### TASK ITEM
When the records are reproduced, each one must match exactly, and no picture may be kept.

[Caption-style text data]
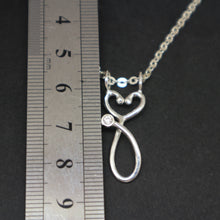 Load image into Gallery viewer, Nurse Stethoscope Ring Holder Necklace
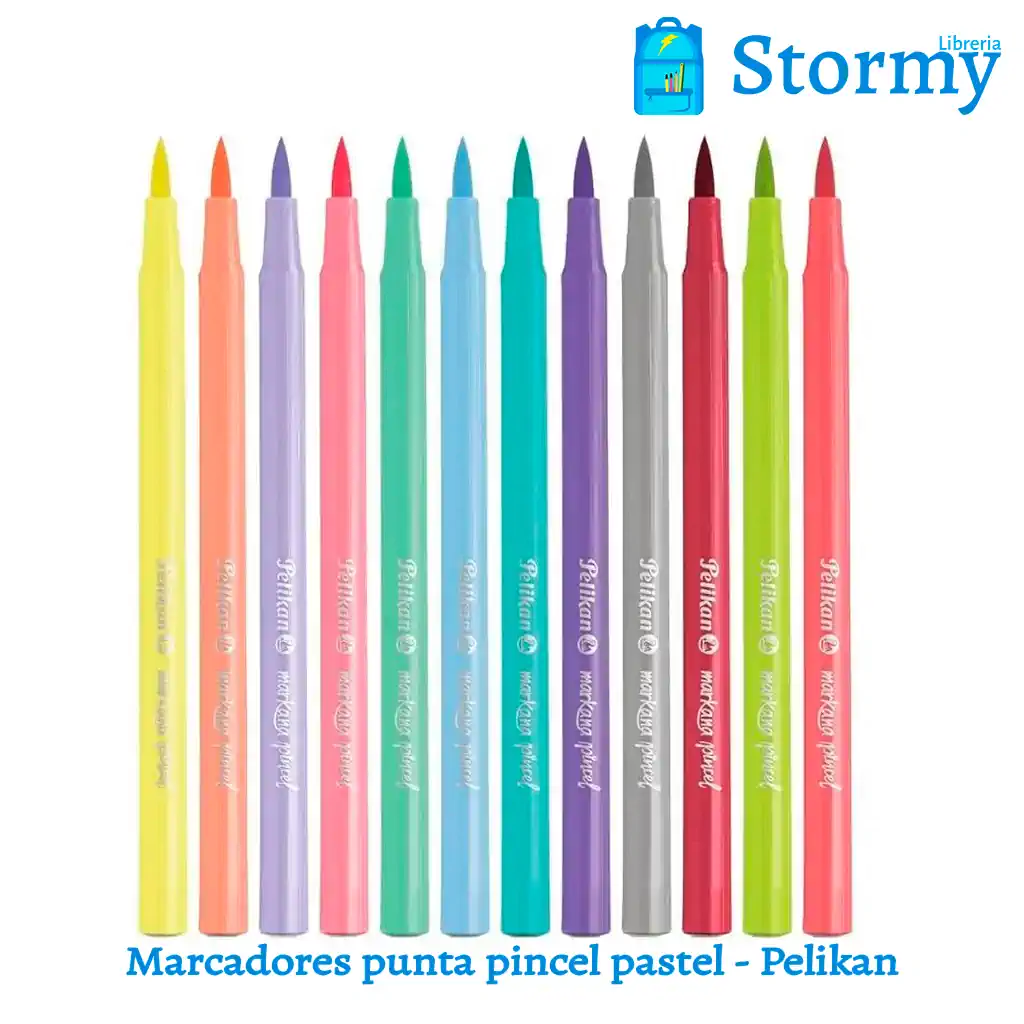 Elucidación maquillaje yermo Marcadores punta pincel pastel - Pelikan - Libreria Stormy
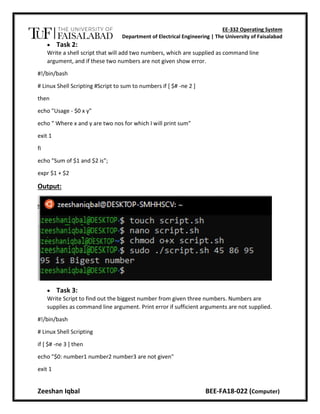 Introduction to base shell scripting | PDF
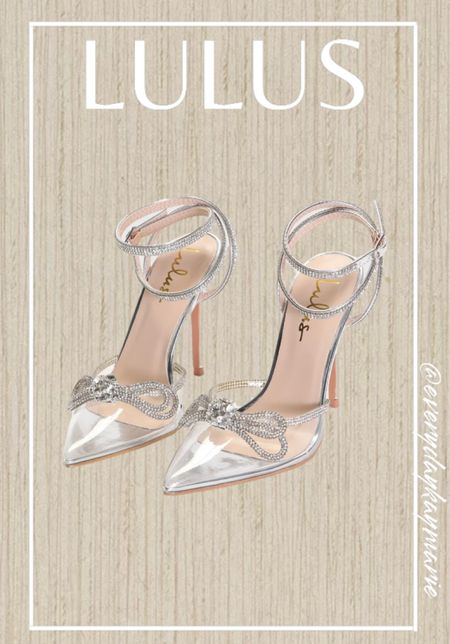 Perfect holiday shoes! I love the clear toe and bow on top💕 make sure to follow me for more exclusive content + daily finds 🫶🏼

#ltkshoecrush #holidayshoes #holidayparty #holidayheels

#LTKCyberWeek #LTKSeasonal #LTKHoliday
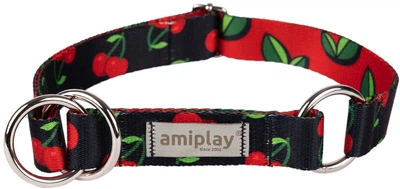 Нашийник для собак Amiplay BeHappy півзачіпний L Cherry (5907563305731)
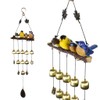 IGNPION 4 Birds Wind Chime Garden Windchimes for Outdoor Indoor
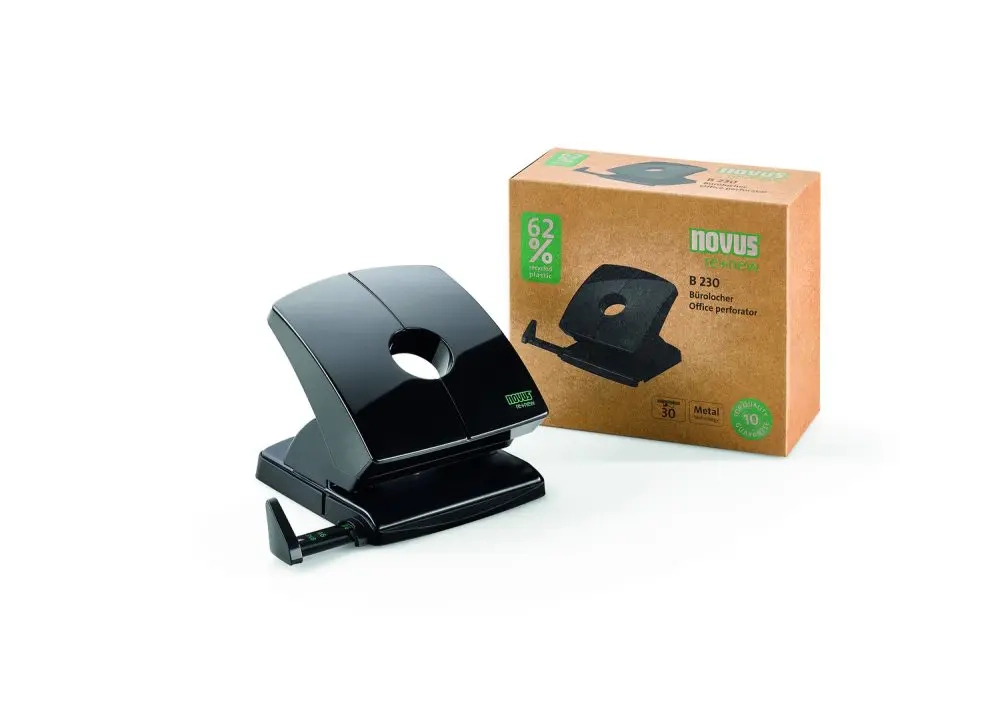 Dziurkacz Novus B230 Do 30 kartek Organicznik Z Wskaźnikiem Formatu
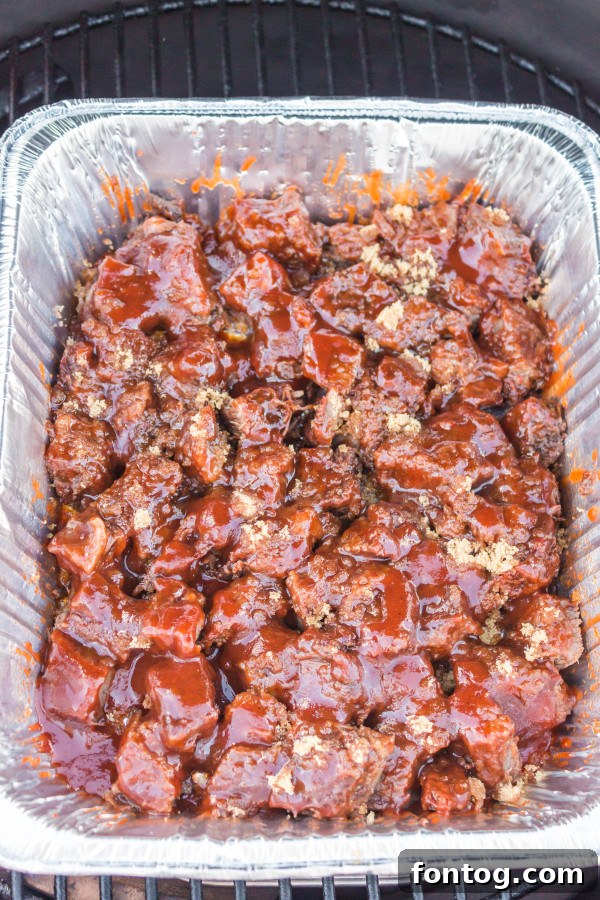 pellet grill bbq burnt ends cooking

### TASK OUTPUT
 Load image into Gallery viewer, Nurse Stethoscope Ring Holder Necklace
 Elucidación maquillaje yermo Marcadores punta pincel pastel - Pelikan - Libreria Stormy
 Introduction to base shell scripting | PDF
 Perfect holiday shoes! I love the clear toe and bow on top💕 make sure to follow me for more exclusive content + daily finds 🫶🏼

#ltkshoecrush #holidayshoes #holidayparty #holidayheels

#LTKCyberWeek #LTKSeasonal #LTKHoliday
 Нашийник для собак Amiplay BeHappy півзачіпний L Cherry (5907563305731)
 IGNPION 4 Birds Wind Chime Garden Windchimes for Outdoor Indoor
 Dziurkacz Novus B230 Do 30 kartek Organicznik Z Wskaźnikiem Formatu
 pellet grill bbq burnt ends cooking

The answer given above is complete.